It’s all too common to find law firms busting at the seams with an avalanche of paper. Some might say it’s in our nature. The importance of “the original” of a document begins in the hallowed halls of law school. Paper can be trusted, even revered. What better way to authenticate something but to hold it in your hands while examining it, before preserving it into a categorized and alphabetized filing system. That just makes sense. Or, at least it did.
Digital information can be created, altered, copied, stored, and shared far faster and cheaper than paper. As laws, rules, and processes change to allow for better and more secure data storage and transmission, law firms join other industries working to reduce their paper and physical storage use and costs by “going to the cloud” with their data.
Lawyers have an extra hurdle to jump with the ethical obligations to their clients’ data. Not only must they ensure the security of their clients’ confidential information, in storage and transmission, they also have an ethical obligation to the ongoing control of the “client file.” The client has a vested right to the surrendering of the client’s documents, or a copy of them. (See Maintenance of client files and records: ISBA Opinion 17-02; Former client access to lawyer’s file: ISBA Opinion 01-01.)

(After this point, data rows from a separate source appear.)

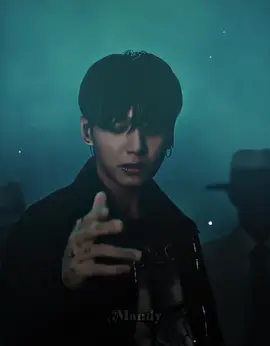 vocal line ai cover 💜 audio creator @☆｡˚ °🎧｡˚ °☆  #jungkookedit #taehyungedit #jiminedit #jinedit #bts #bts_official_bighit #edit #btsedit 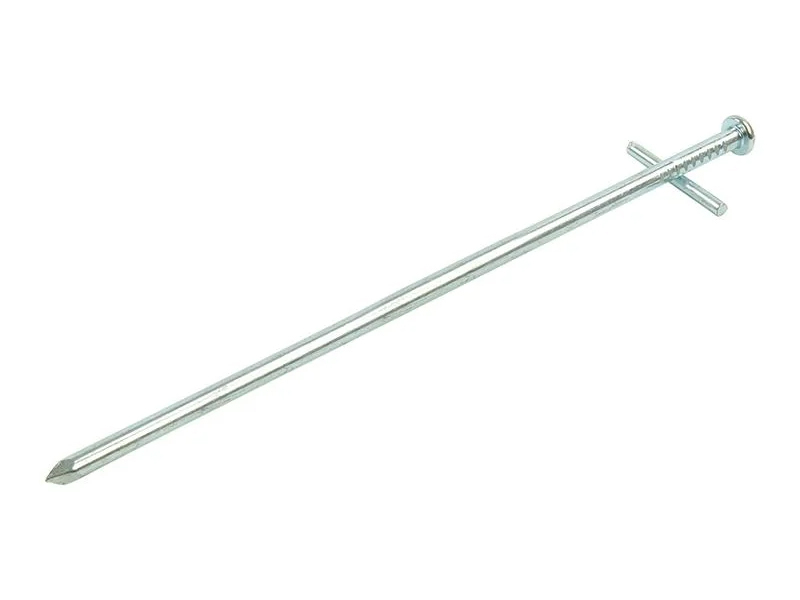 ProPlus rotspennen 23 cm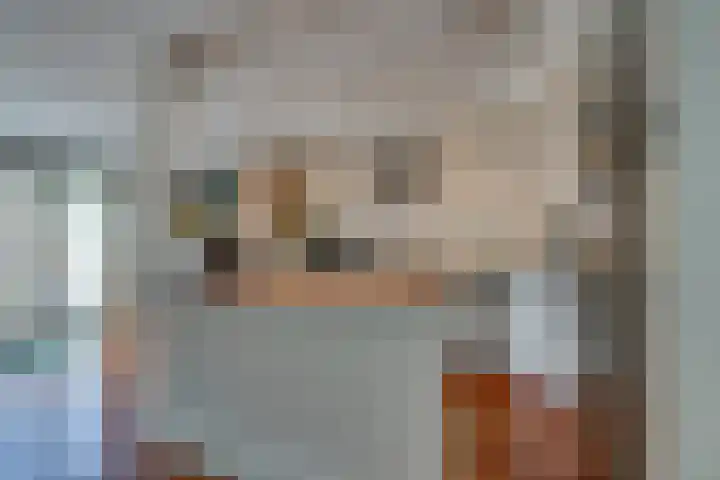Anna Blamanlaan 20 Uithoorn thumbnail 4
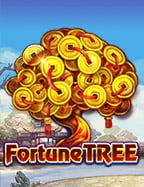 เปิดโลก ทดลอง เล่น pg slot autoviva9988 สมัคร วันนี้ดีอย่างไร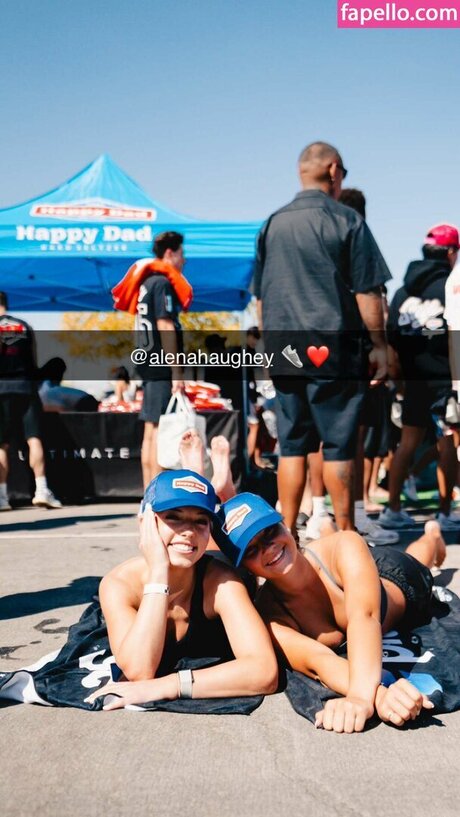 unknown onlyfans pornos pic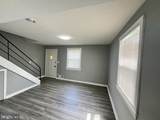3809 28TH Avenue - Photo 11
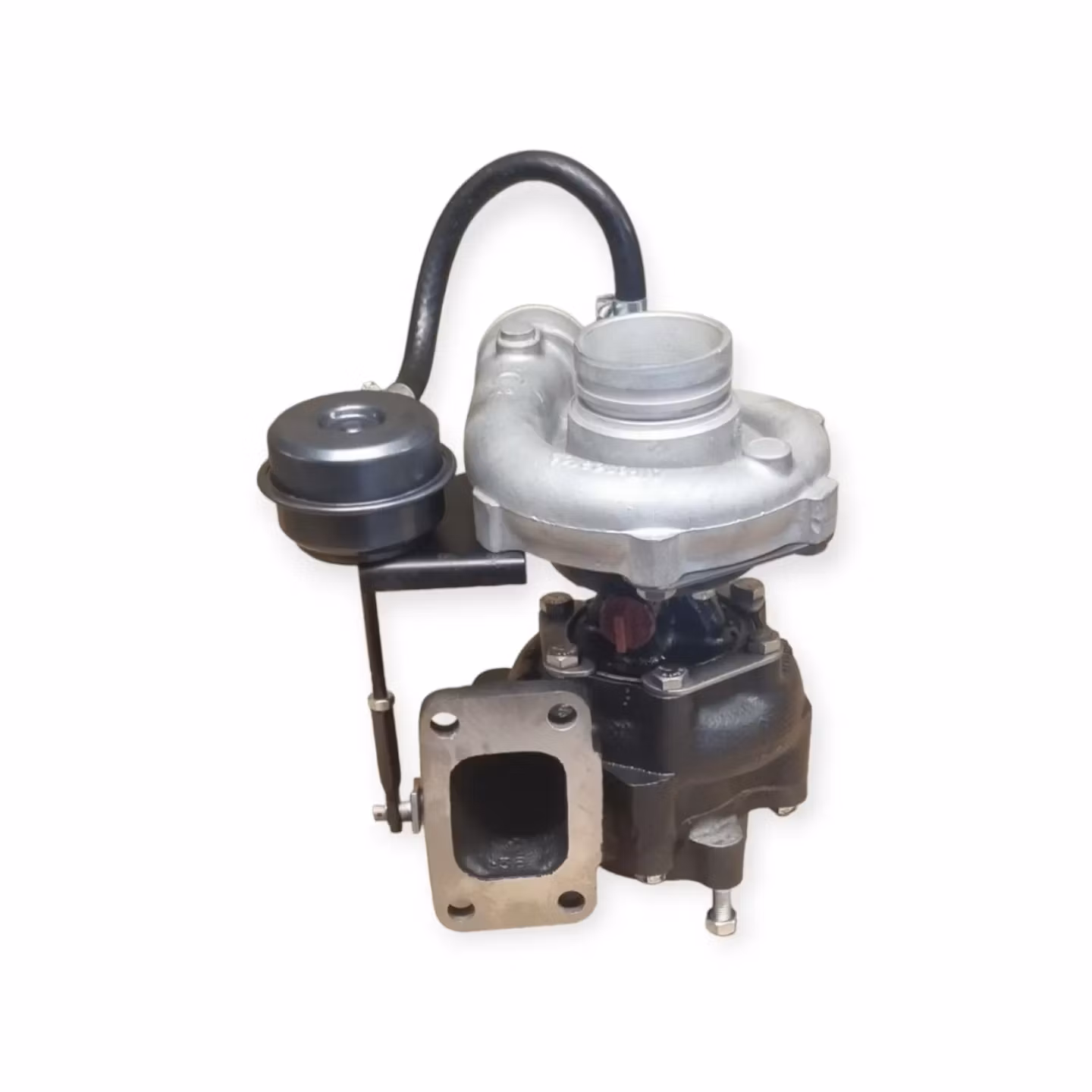 466794-5001S / 466794-5002S TBO349 Volvo D24 Billet upgrade bytesturbo  740,760,765,940,960 2.4 D D24TIC Original nummer :5003566,1328579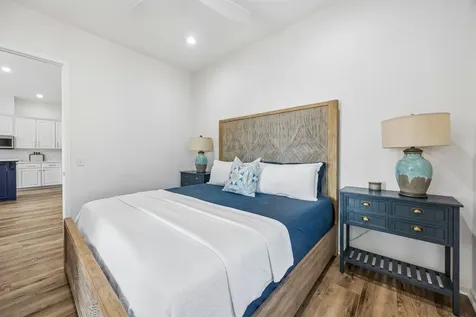 636 N Fletcher Avenue Fernandina Beach FL 32034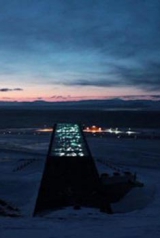 4e9ee16195c6e32a2633d83fc63c9efb_160_238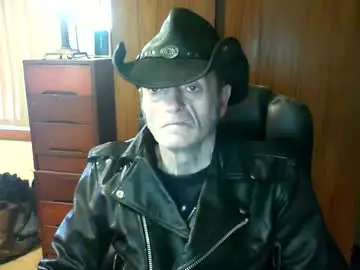 Chaturbate Private Sex Chat of leathergreaser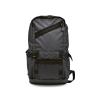 Mochila Portátil 15.6'' Rivin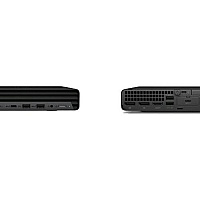 Planar Triple Monitor Stand (997603500)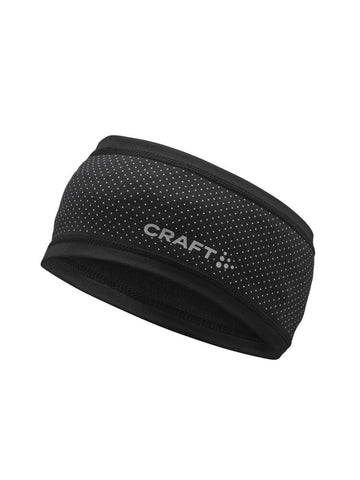 Craft Lumen Fleece Headband 2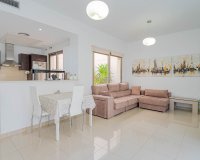 Resale - Townhouse - Punta Prima
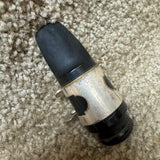 King A 1 Equa-Tru Alto Sax Mouthpiece
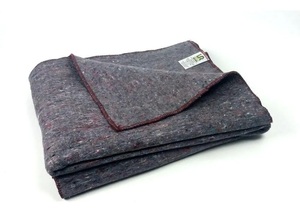 RESFIBRA - COBERTOR MAJOR 1,80 X 2,10M UN.
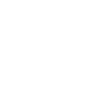 Wolf Moon Universe Astronomy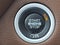 2019 RAM 2500 Laramie 4X4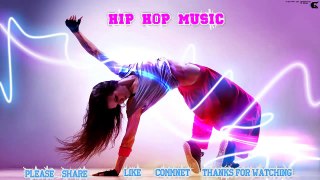 Best Songs Hip Hop R&B New Mix 2016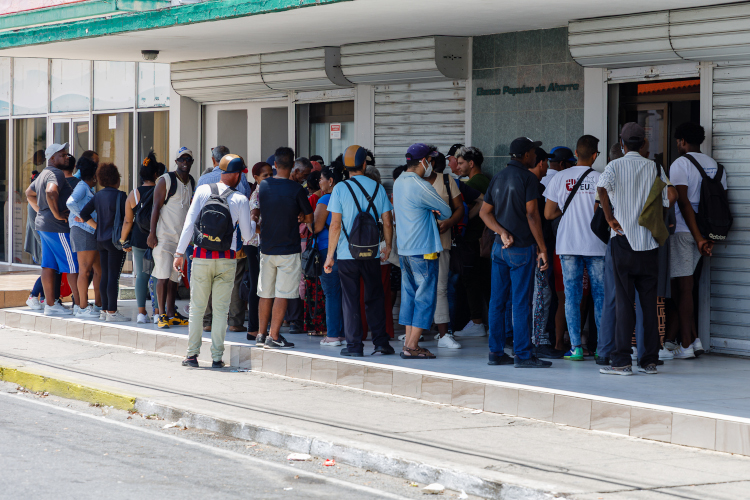 4 bancarizacion pinar del rio guerrillero 750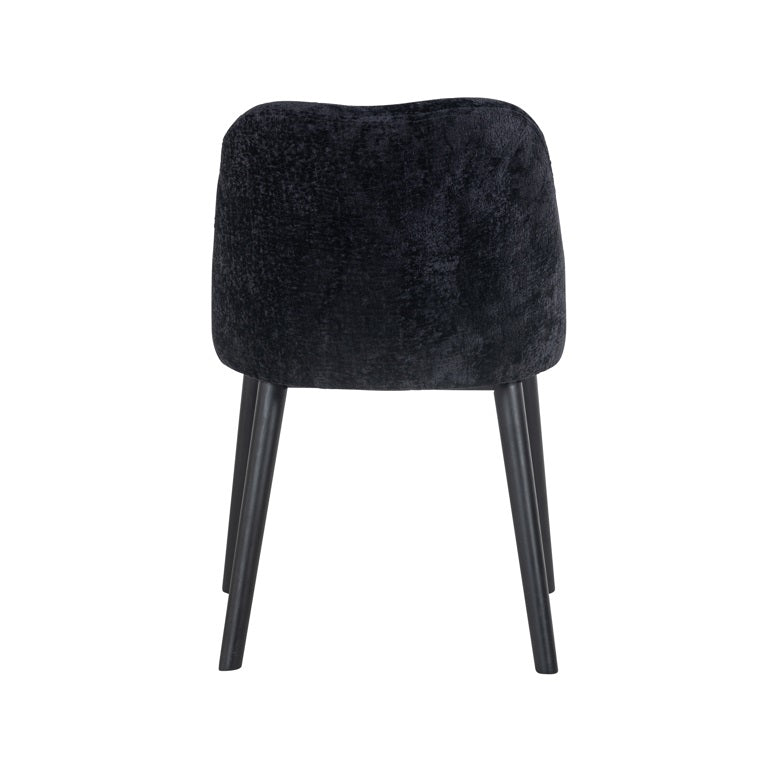 Twiggy Dining Chair - Ideal Furniture ES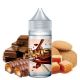 Twistino Justy Flavor Aroma Mini Shot 10+20ml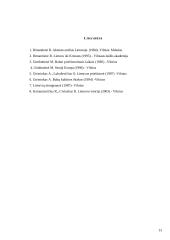 Baltų formavimasis 13 puslapis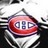 HabsFan13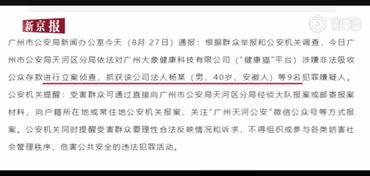 豪门太太再就业：从行政岗位跳转至销售，轻松购买豪宅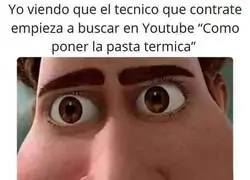 Era el que más barato cobraba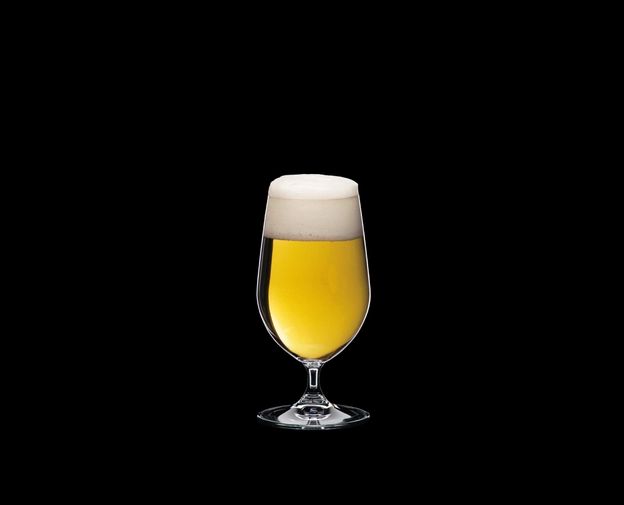 Бокал RIEDEL 6408/11 Ouvertur Beer - ракурс 3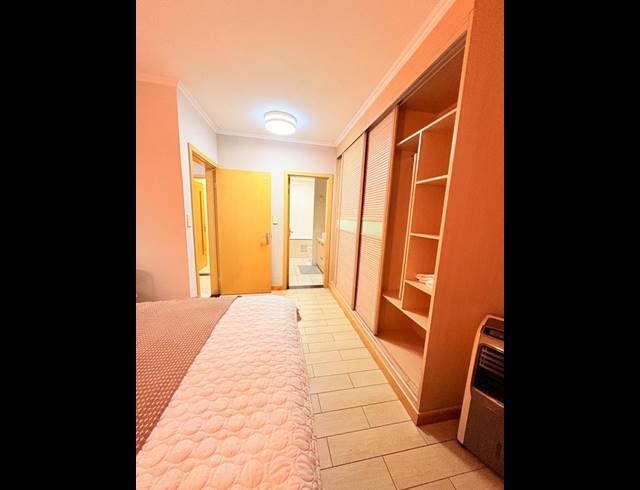 4 BEDROOM HOUSE FOR SALE IN SUMMERSET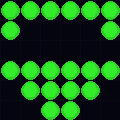 45.239.9.115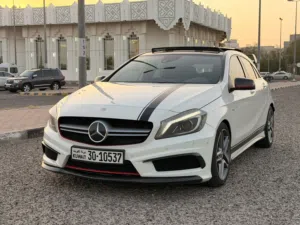 بحاله الوكاله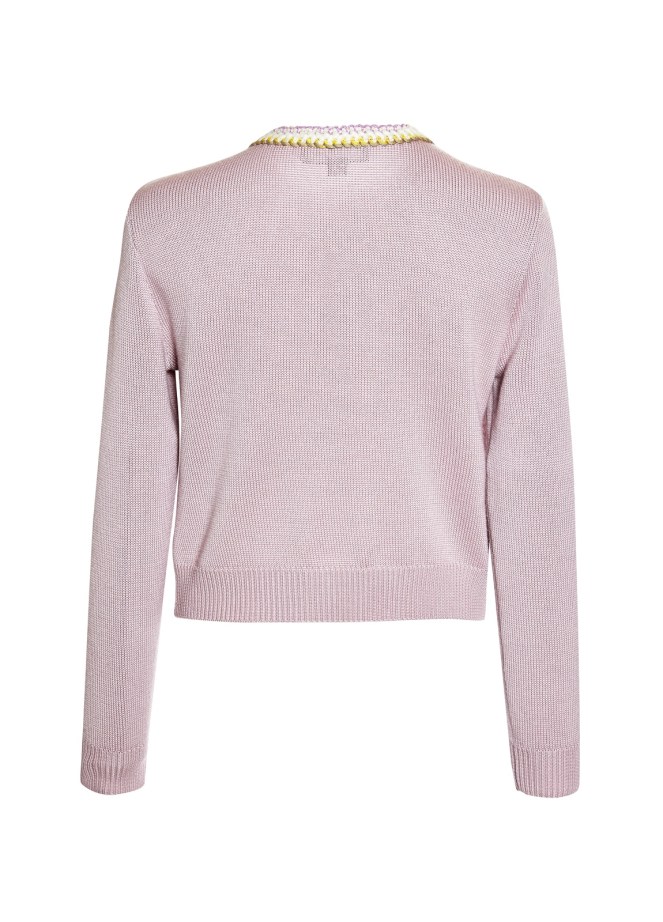 bfe0a46d421696d8ef906de3b86695bf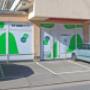 Storebox Dornbirn Eisengasse 3
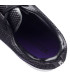 کفش فوتسال مدل Nike Magista x Finale Ic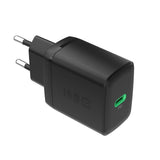 GREENCELL PowerSource Solo30 30W USB-C Charger
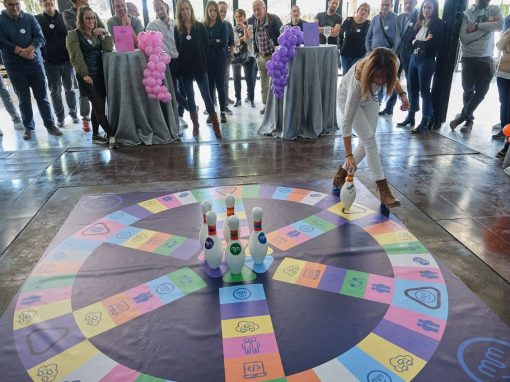 Corpo Trivial XXL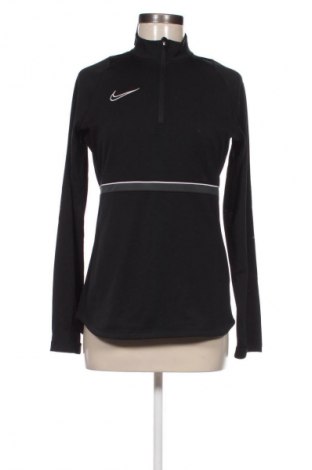 Bluzka damska Nike, Rozmiar S, Kolor Kolorowy, Cena 214,90 zł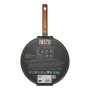 FRYPAN D28 H6.5CM/93711 RESTO
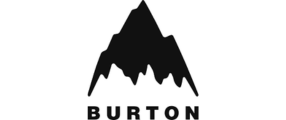 Burton Snowboards SE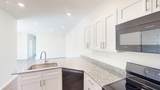 409B Cloud Drive - Photo 6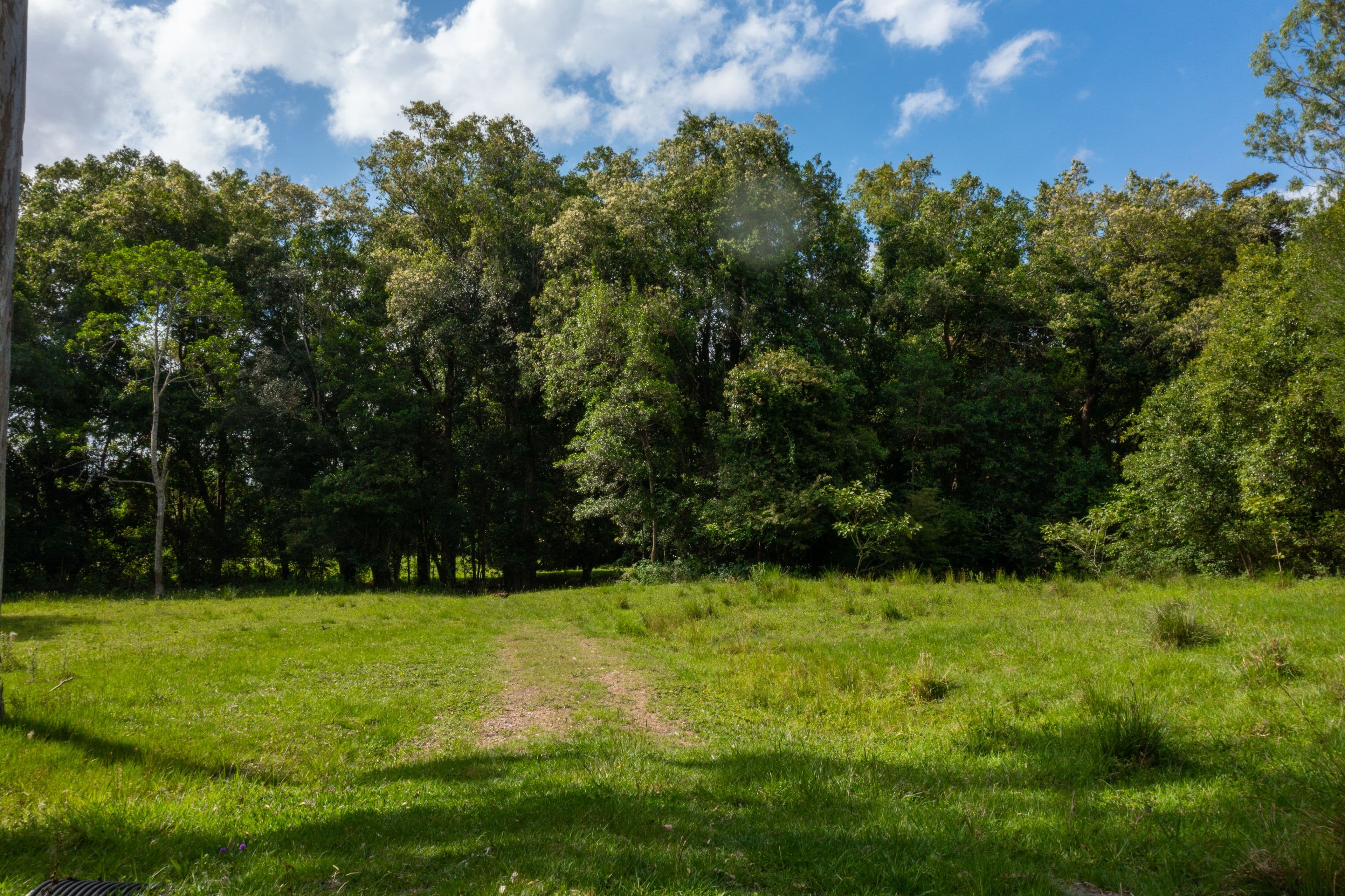 751 Kilcoy Beerwah Road, Cedarton QLD 4514, Cedarton - Thumbnail 4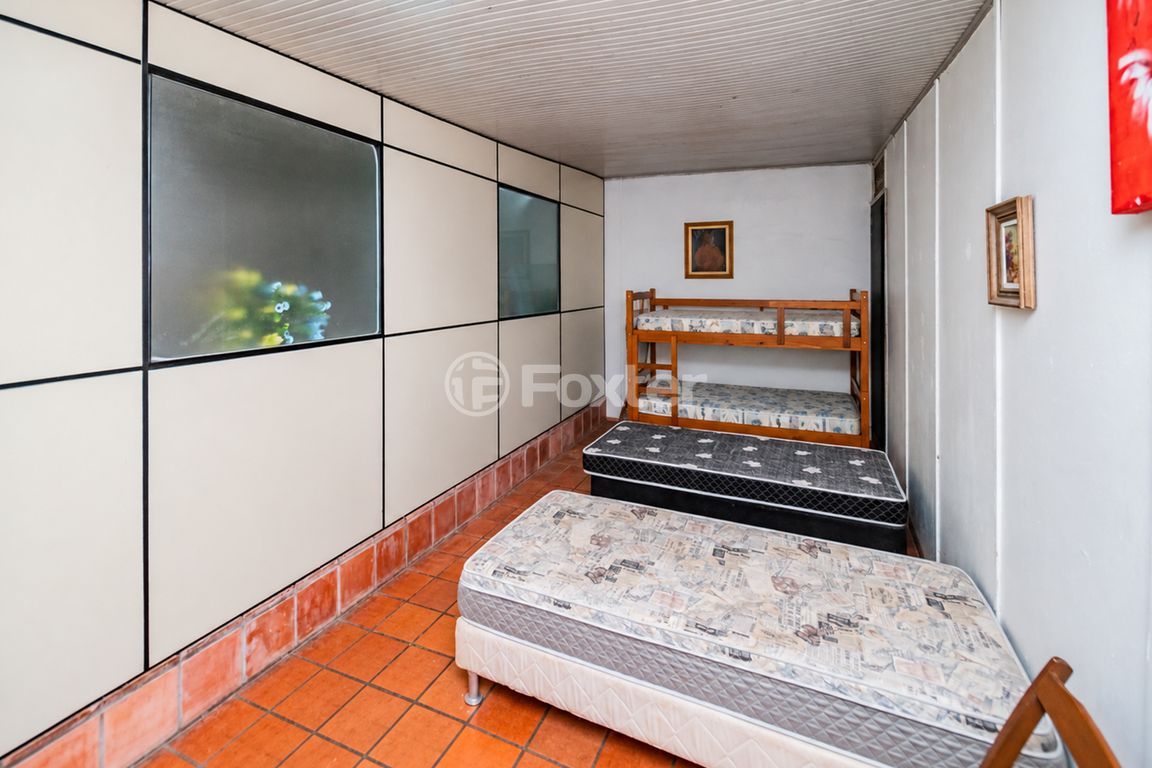 Casa em condominio para comprar em Sertório, 9001 - foto 8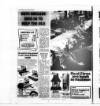 South Eastern Gazette Tuesday 28 November 1978 Page 6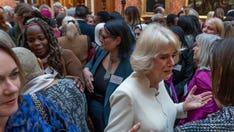 Buckingham Palace member resigns after repeatedly asking Black woman what country she ‘really came from’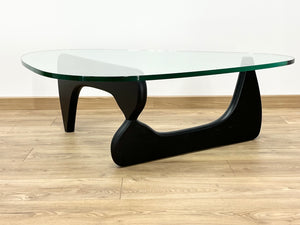 Verre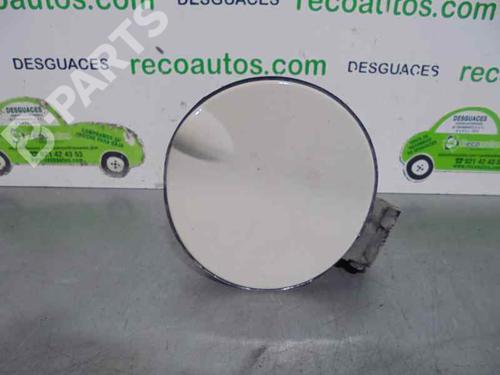 BP6638333C131 main image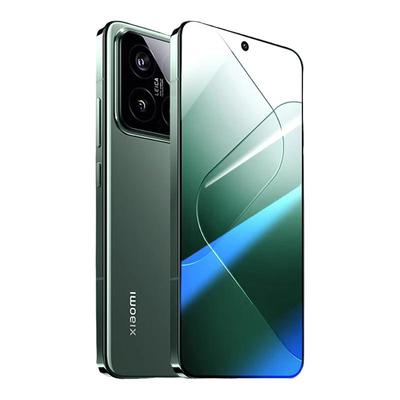 小米14钢化膜全屏防摔防爆贴膜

Not Paperless, But Less Paper
Lawyers may use cloud-based data storage of confidential information while still protecting their client confidentiality responsibilities. Over 20 state bar associations have issued ethics opinions on this topic, and all have reached the conclusion that lawyers may ethically use cloud computing, so long as they exercise reasonable care to keep client information and files confidential. Some of those opinions may be found on the ABA Legal Technology Resource Center’s page (note that it is an incomplete list with Illinois and possibly others omitted).